Vem aí o próprio “chef du train”, e reafirma a cobrança. Persisto na resistência, com o apoio brincalhão dos companheiros. Mas ele me pede passaporte, “carte d’étudiant”, endereço, etc. E em alguns papeluchos, escreve qualquer coisa.

Encerrado o episódio, chego com meu “petit chien” a Paris. Levo-o comigo até o pequeno apartamento onde morava, então ou pouco depois, na companhia do meu dileto amigo, ainda à época solteiro, o grande poeta Moacyr Felix de Oliveira. Na Rue du Luxembourg, próximo ao Theâtre l’Odéon, segunda sala da Comédie Française.

O cãozinho? Não tinha como cuidá-lo, e dele fiz presente algum tempo após a uma pálida namoradinha fugaz, que morava em Neuilly-sur-Seine, àquela altura bairro distante, hoje magnificamente integrado na sempre deslumbrante Paris.

Com o coração volátil dos moços, quase havia esquecido, um ou dois meses depois, o “petit chein”, a namorada magra e breve, e a menina Geneviève, que tanto me comovera com seu gesto generoso.

Mas eis que lá um dia chega um “facteur” com uma intimação de um juiz do “Tribunal de la Seine”. Com a cobrança da tarifa não paga, pela viagem Chamonix-Paris do cachorrinho, e indiciamento por “contravention pénale”, sujeita às penas de detenção e multa pela recusa ilegal ao pagamento.

Tudo com carimbos, selos, assinaturas, Armas da République Française, endereços, etc., nessa parafernália que corrói o sangue produtivo das nações. Não à toa os franceses inventaram a palavra “burocracia”, embora a origem dela seja prussiana. Os russos quase mataram sua grande nação nas mãos dos “aparachniks”.

Mas a verdade era que meu “petit chien” e eu havíamos posto em movimento o sistema judicial francês, tão notável sob outros aspectos, e na própria Paris.

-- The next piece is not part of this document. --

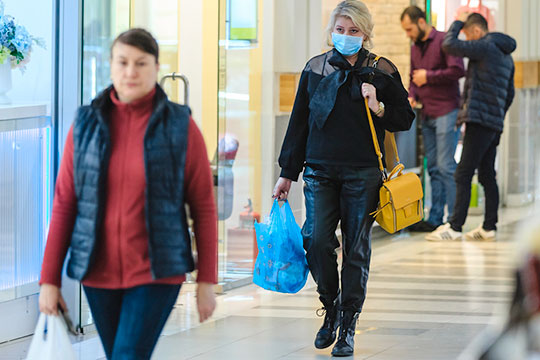 «Как говорится, перед смертью подышать»: как казанцы гуляют в закрывающихся ТЦ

Penitencio-me hoje de não haver resistido à ridícula cobrança do ínfimo valor, certamente menor do que o custo burocrático da movimentação do aparelho. Teria guardado, absolvido ou culpado, uma valiosa e rara documentação, instrutiva sobre os defeitos e virtudes do Estado Moderno.

Alguns dias após compareci ao Palais de Justice (imaginem!, perto da fantástica Sainte Chapelle de Saint Louis), paguei tarifa e multa e saí quitado.

Mas devo ao “petit chien” de minha amiguinha esquecida Geneviéve (hoje por certo avó) essa primeira e única experiência de réu na zelosa Justiça francesa.